TASK REQUIREMENTS: Retype the whole listing that follows, line for line.

DATASET ENTRIES:
▬▬▬
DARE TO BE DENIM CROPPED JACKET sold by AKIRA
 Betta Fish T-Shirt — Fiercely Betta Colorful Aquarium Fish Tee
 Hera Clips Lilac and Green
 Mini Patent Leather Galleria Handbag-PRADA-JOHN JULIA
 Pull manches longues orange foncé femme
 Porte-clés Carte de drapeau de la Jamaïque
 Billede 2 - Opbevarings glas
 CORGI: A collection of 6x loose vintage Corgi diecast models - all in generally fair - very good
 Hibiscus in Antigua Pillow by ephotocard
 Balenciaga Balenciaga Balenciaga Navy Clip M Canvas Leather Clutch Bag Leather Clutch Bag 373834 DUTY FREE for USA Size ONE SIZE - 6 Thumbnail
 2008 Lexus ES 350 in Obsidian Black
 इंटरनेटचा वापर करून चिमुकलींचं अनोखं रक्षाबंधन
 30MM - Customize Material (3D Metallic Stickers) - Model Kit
▬▬▬
THE COMPLETED TASK:
DARE TO BE DENIM CROPPED JACKET sold by AKIRA
 Betta Fish T-Shirt — Fiercely Betta Colorful Aquarium Fish Tee
 Hera Clips Lilac and Green
 Mini Patent Leather Galleria Handbag-PRADA-JOHN JULIA
 Pull manches longues orange foncé femme
 Porte-clés Carte de drapeau de la Jamaïque
 Billede 2 - Opbevarings glas
 CORGI: A collection of 6x loose vintage Corgi diecast models - all in generally fair - very good
 Hibiscus in Antigua Pillow by ephotocard
 Balenciaga Balenciaga Balenciaga Navy Clip M Canvas Leather Clutch Bag Leather Clutch Bag 373834 DUTY FREE for USA Size ONE SIZE - 6 Thumbnail
 2008 Lexus ES 350 in Obsidian Black
 इंटरनेटचा वापर करून चिमुकलींचं अनोखं रक्षाबंधन
 30MM - Customize Material (3D Metallic Stickers) - Model Kit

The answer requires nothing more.